Rogers remembered reading about a local Ring Finder on social media, so placed a call to Ross.
“I texted him a bunch of detailed pictures of where I thought it could be. When I didn’t hear back from him, I thought it was a lost cause,” she recalled. “Then he got in touch with me at, like, 10:30 at night. He said he found it — we were in shock. I was so grateful for that.”
A passion grows
Before he ever held a metal detector, Ross was a treasure seeker.
“I used to beachcomb and pick up coins out of the surf during storms,” he recalled of his early interest. “Then the metal detector people came out, and I couldn’t find [the coins] anymore. So, I joined them.”
He became so enamored with the hobby he missed the birth of his daughter in 1971 because he was shopping for equipment. The day after she was born, he got his first detector. It cost $160 and weighed nearly 8 pounds.
Recouping his investment was slow at first, because detection doesn’t usually offer immediate satisfaction but rather rewards patience, experience and those with an extremely high tolerance for disappointment.
“The average person doesn’t find more than 2 to 3 dollars’ worth of coins in the dry sand,” Ross said. “It took me a year to find my first ring. Now, I find a ring every day.”
One of those is a family signet ring belonging to Newport Beach resident Robert Leigh, who was visiting a friend in Laguna in mid-June when he placed the ring in the cup holder of a beach chair for safekeeping. Hours later, he packed up the chair and didn’t realize until the next morning the ring had fallen out.

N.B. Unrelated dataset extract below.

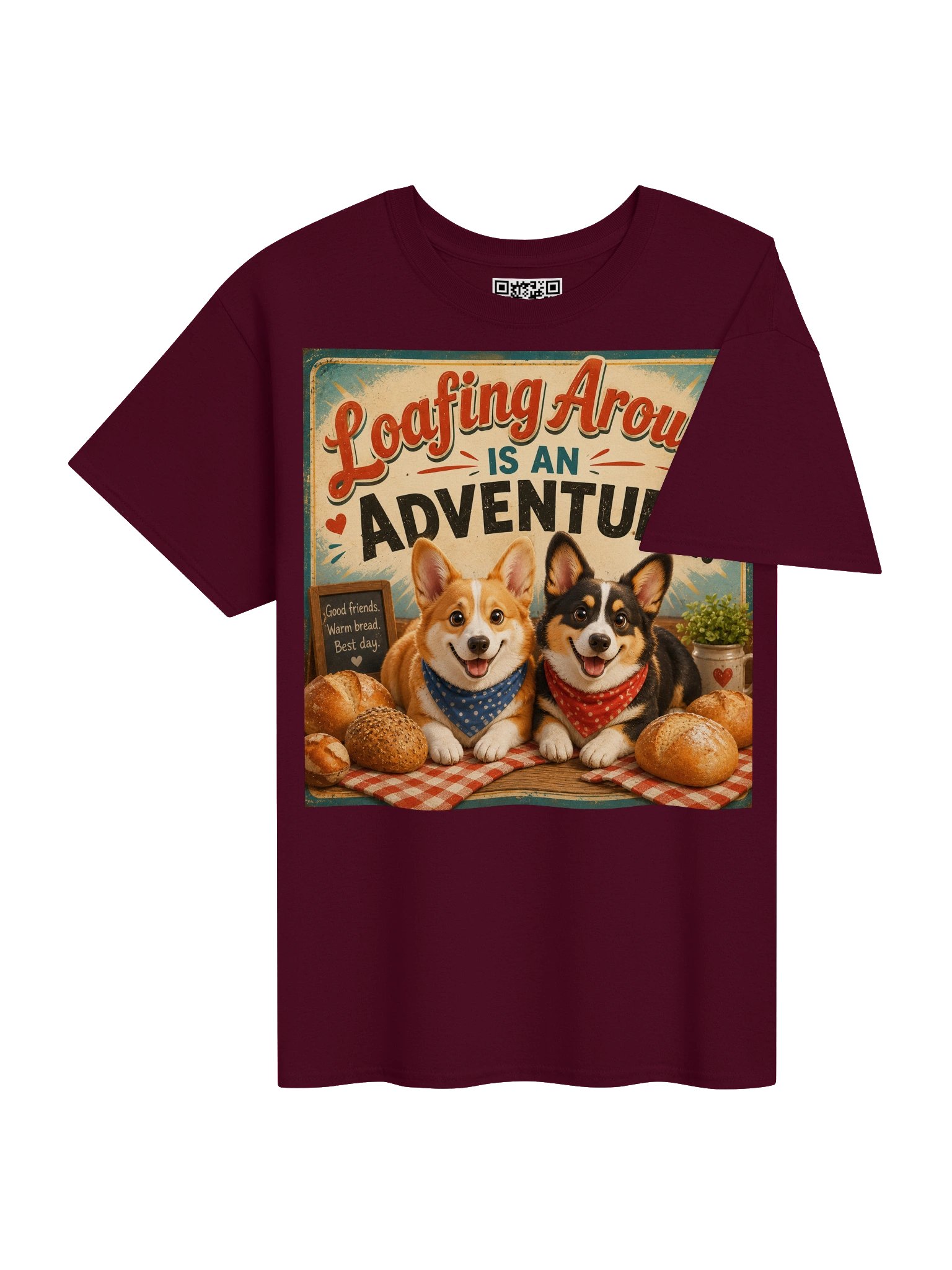 Loafing Around - Tee product image (34)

“I combed the area we were sitting on for two hours,” he said. “I thought the only way I’ll find it is if I get a metal detector. So, I Googled ‘metal detector’ and the first thing that comes up is Stan the Metal Detector Man.”
Leigh placed a call and, later that night, got the good news — the ring had been recovered.
Not for everyone
Ross advises against people getting detectors unless they are serious about the endeavor. Not understanding the settings, how they need to be adjusted for different metals, and handling interference from car alarms and other ambient electrical influences can frustrate even the most earnest seeker.
“A lot of metal detectors end up in the closet. People know they work; it just takes so much time, and they have other things to do,” the retiree said. “What I do is just get rid of the other things.”
San Francisco resident Sarah Smith was visiting family in Laguna Beach the day before Father’s Day when her husband lost his palladium wedding ring in the ocean. After fruitless searching, they’d figured it was a lost cause.
Then, she remembered a friend had told her once about using Ring Finders. Although Smith was heading back home, she dialed Ross, who looked up the tides on a smartphone app to determine the ideal time to conduct a search.
“Lo and behold, we get a call the next day that he’s found it,” she said. “He promptly mailed it back, and my husband had it back on his finger by Wednesday. He’s good.”
Leigh agrees.
“I’d love to let people know there are guys like Stan out there, who will help people find things they think they’d lost forever,” he said. “He is a great resource.”
During Wednesday’s interview, the Metal Detector Man gets a call from a girl who lost a house key somewhere on Venice Beach. He explains he can’t help her, as he needs to help a client in La Palma find a ring, and the call ends.
But in a matter of minutes, perhaps thinking of the girl locked out of her house or rental, Ross heaves a sigh.
“I’ll probably give her a call later,” he says.